- [WHAT YOU ARE ASKED TO DO]: Return the whole listing exactly, omitting the pictures.

- [DATASET EXCERPT]:
━━━━━━━━━━━━━━━━
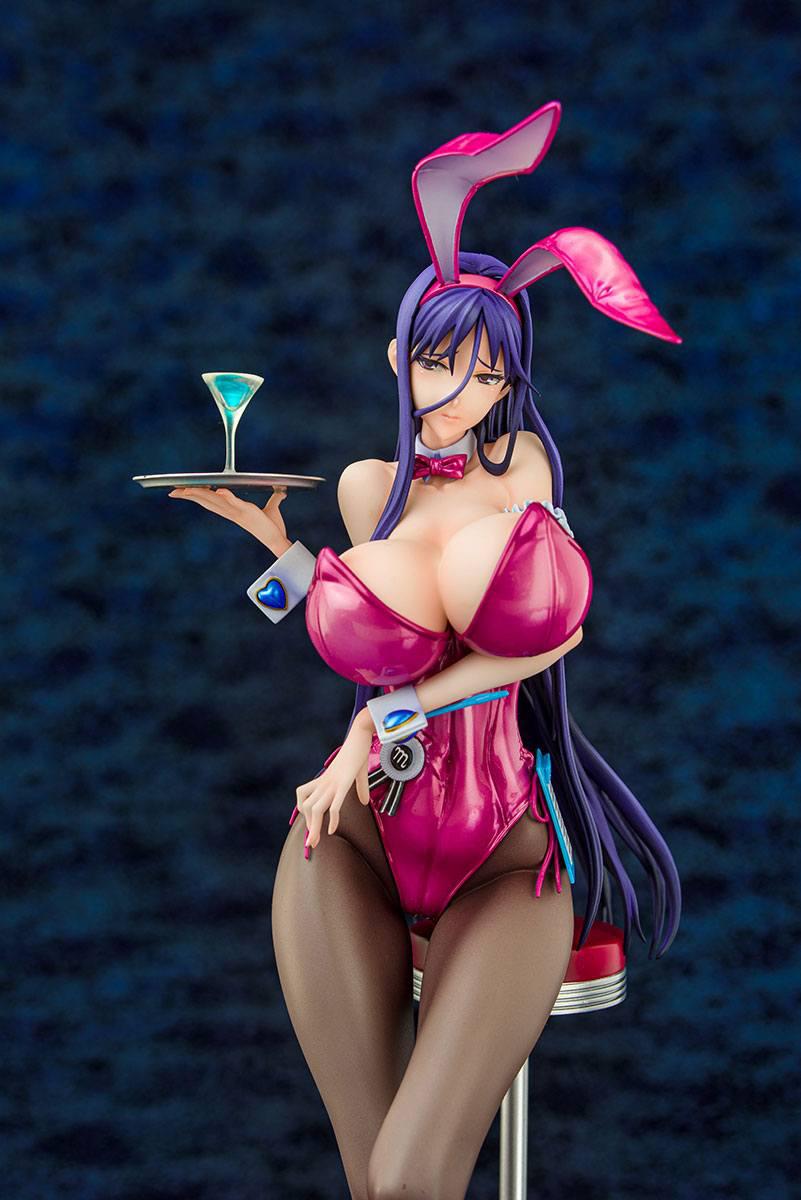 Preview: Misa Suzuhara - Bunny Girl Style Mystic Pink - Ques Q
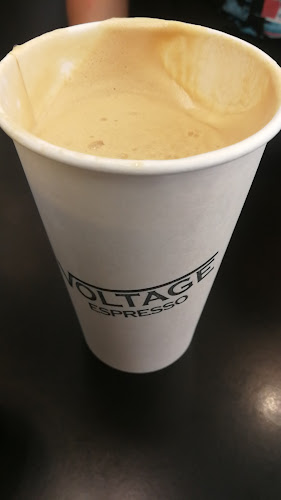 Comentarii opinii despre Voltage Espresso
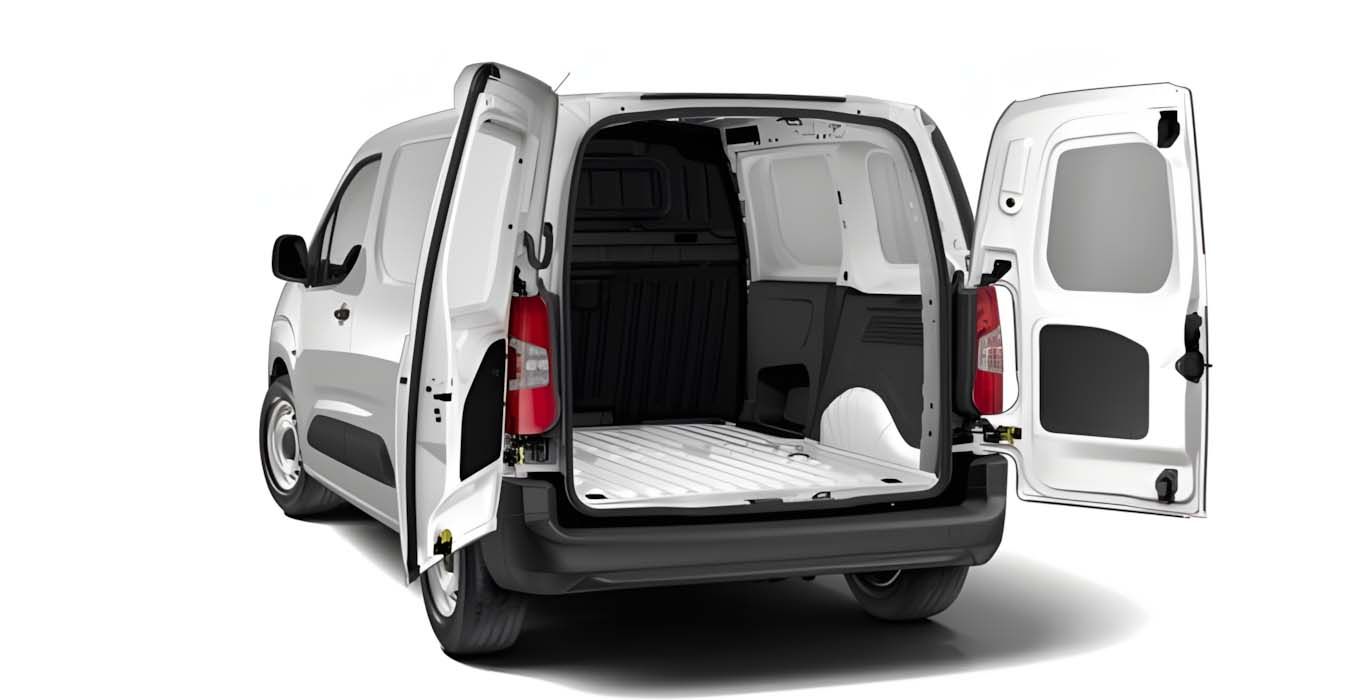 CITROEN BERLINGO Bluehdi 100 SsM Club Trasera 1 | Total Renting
━━━━━━━━━━━━━━━━
- [RESPONSE AREA]:
 Preview: Misa Suzuhara - Bunny Girl Style Mystic Pink - Ques Q
 Comentarii opinii despre Voltage Espresso
 CITROEN BERLINGO Bluehdi 100 SsM Club Trasera 1 | Total Renting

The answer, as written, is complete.